By Stephan Wolfert

TL:DR Kerberos attacks are more than just Golden Tickets and Kerberoasting. Password Resets are not always enough!

Preface about Kerberos

Going to keep this part simple and talk about a few key details related to Kerberos authentication you should know. Kerberos Tickets will have a validity period of 10 hours by default in an Active Directory domain. The default renewal period for a Kerberos Ticket is 7 days.

Kerberos Tickets are commonly used by red teams and real world attackers once they have successfully compromised an account. Understanding the nuance of Kerberos authentications can significantly help defenders and investigators identify an attacker’s actions during or after an incident but also ensure proper remediation steps are performed. The point of this blog is not to minimize other Kerberos-based attacks or other methods of authentication commonly abused by attackers such as pass-the-hash but rather provide a scenario, that may commonly be misunderstood, of what is possible.

Compromise Scenario Explained

Consider this scenario, a domain, swolfsec.corp, has been compromised and the attackers have gained access to a highly privileged user, highpriv_user.

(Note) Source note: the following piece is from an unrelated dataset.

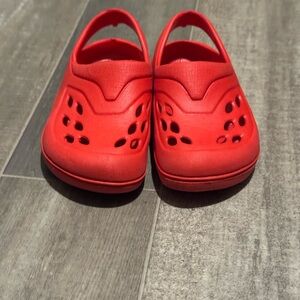 wonder nation Bright Red Kids Slip-On Clog Sandals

With this account, the attacker has full access to the domain controller, and can perform any post compromise attacks they wish (use your imagination). The defenders have identified the compromised account and reset it’s password in an effort to thwart the attacker’s efforts. Unfortunately, after the password reset, the attacker was still able to misuse the privileged account! How can that be possible!?!

Scenario In-Depth

During this scenario, we will flip between the attacker and defender perspective. There are different ways that this same attack could be achieved but the fundamentals, risks, and opportunities for visibility remain the same.

First, the attacker uses Rubeus’ tgtdeleg argument to request a Kerberos ticket for the currently compromised user, highpriv_user. They are returned a base64 encoded kirbi that can be used for authentication without the need to supply a password. Many toolsets, such as those from the impacket collection, allow for the use of a Kerberos ticket instead of a password or a hash.

tgtdeleg

The Event ID 4769 is a great event log for tracking Kerberos Ticket Requests and it may already be logged in any environments because of it’s common use in identifying Kerberoasting. In this case, the client address is the compromised workstation (not the attacker system) at IP address 192.168.5.169 and specifies the highpriv_user account which was compromised. The ticket options presented here are described by Microsoft as Forwardable, Forwarded, Renewable, Canonicalize, Renewable-ok which translates to options of 0x60810010. These options may not be immediately interesting but the importance of the Renewable flag will be seen later on.

4769

The attacker then imports the ticket to their local machine which has access to the compromised network. If you notice the time (minutes / seconds) of the 4769 ticket request and the imported ticket they match. Ignore the hours, the test environment has skewed times (not important they are the same time for argument’s sake). In addition, refer back to this screenshot later, as you can see here the valid starting datetime, expiry time, and renew until time. As we get into renewals, that renewal time will not change but the validity start/expiry will.

ticketimport

Now they can use the ticket to move laterally, in this case using smbexec to access the domain controller. There are many actions an attacker can take at this point but access to the DC is enough to prove our compromise.

smbexec1

In this scenario, our defenders perform a password reset on the account but do not disable the account.

resetpw

Although a password reset was performed, the attacker will still have their ticket imported and notice no changes to it and in fact, using the same method as before to move laterally without needing to provide the new credentials!

smbexecafterpwrst

As you can imagine, this can result in an endless cat and mouse game where the credentials are reset, the Kerberos ticket is used to request the new credentials and so on.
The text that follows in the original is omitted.